▶ WORK TO COMPLETE: Copy the data exactly.

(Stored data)
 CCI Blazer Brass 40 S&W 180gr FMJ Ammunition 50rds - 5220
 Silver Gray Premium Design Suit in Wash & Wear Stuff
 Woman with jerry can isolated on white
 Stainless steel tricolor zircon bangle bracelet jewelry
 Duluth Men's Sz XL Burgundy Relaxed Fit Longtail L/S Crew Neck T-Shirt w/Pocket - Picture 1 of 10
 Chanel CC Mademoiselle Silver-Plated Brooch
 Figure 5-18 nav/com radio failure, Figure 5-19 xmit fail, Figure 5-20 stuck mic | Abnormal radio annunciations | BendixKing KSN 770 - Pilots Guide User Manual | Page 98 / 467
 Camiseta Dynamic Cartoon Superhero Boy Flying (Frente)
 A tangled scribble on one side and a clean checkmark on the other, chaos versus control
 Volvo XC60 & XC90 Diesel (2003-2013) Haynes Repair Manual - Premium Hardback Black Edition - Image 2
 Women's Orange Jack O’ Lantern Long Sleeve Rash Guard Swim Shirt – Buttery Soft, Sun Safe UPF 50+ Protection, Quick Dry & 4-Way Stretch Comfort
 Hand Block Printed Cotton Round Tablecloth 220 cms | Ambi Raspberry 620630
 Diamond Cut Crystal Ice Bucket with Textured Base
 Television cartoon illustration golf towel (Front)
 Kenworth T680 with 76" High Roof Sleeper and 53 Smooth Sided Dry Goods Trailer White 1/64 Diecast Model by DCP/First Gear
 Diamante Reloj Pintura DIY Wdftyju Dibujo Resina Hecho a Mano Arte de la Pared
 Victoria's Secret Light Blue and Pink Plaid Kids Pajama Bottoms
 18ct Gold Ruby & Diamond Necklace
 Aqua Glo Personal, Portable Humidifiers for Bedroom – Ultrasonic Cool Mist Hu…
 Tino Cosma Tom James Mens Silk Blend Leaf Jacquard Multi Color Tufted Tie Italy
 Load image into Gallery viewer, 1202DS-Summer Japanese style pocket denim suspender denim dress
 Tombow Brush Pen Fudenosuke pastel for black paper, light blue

▶ WRITTEN SOLUTION:
 CCI Blazer Brass 40 S&W 180gr FMJ Ammunition 50rds - 5220
 Silver Gray Premium Design Suit in Wash & Wear Stuff
 Woman with jerry can isolated on white
 Stainless steel tricolor zircon bangle bracelet jewelry
 Duluth Men's Sz XL Burgundy Relaxed Fit Longtail L/S Crew Neck T-Shirt w/Pocket - Picture 1 of 10
 Chanel CC Mademoiselle Silver-Plated Brooch
 Figure 5-18 nav/com radio failure, Figure 5-19 xmit fail, Figure 5-20 stuck mic | Abnormal radio annunciations | BendixKing KSN 770 - Pilots Guide User Manual | Page 98 / 467
 Camiseta Dynamic Cartoon Superhero Boy Flying (Frente)
 A tangled scribble on one side and a clean checkmark on the other, chaos versus control
 Volvo XC60 & XC90 Diesel (2003-2013) Haynes Repair Manual - Premium Hardback Black Edition - Image 2
 Women's Orange Jack O’ Lantern Long Sleeve Rash Guard Swim Shirt – Buttery Soft, Sun Safe UPF 50+ Protection, Quick Dry & 4-Way Stretch Comfort
 Hand Block Printed Cotton Round Tablecloth 220 cms | Ambi Raspberry 620630
 Diamond Cut Crystal Ice Bucket with Textured Base
 Television cartoon illustration golf towel (Front)
 Kenworth T680 with 76" High Roof Sleeper and 53 Smooth Sided Dry Goods Trailer White 1/64 Diecast Model by DCP/First Gear
 Diamante Reloj Pintura DIY Wdftyju Dibujo Resina Hecho a Mano Arte de la Pared
 Victoria's Secret Light Blue and Pink Plaid Kids Pajama Bottoms
 18ct Gold Ruby & Diamond Necklace
 Aqua Glo Personal, Portable Humidifiers for Bedroom – Ultrasonic Cool Mist Hu…
 Tino Cosma Tom James Mens Silk Blend Leaf Jacquard Multi Color Tufted Tie Italy
 Load image into Gallery viewer, 1202DS-Summer Japanese style pocket denim suspender denim dress
 Tombow Brush Pen Fudenosuke pastel for black paper, light blue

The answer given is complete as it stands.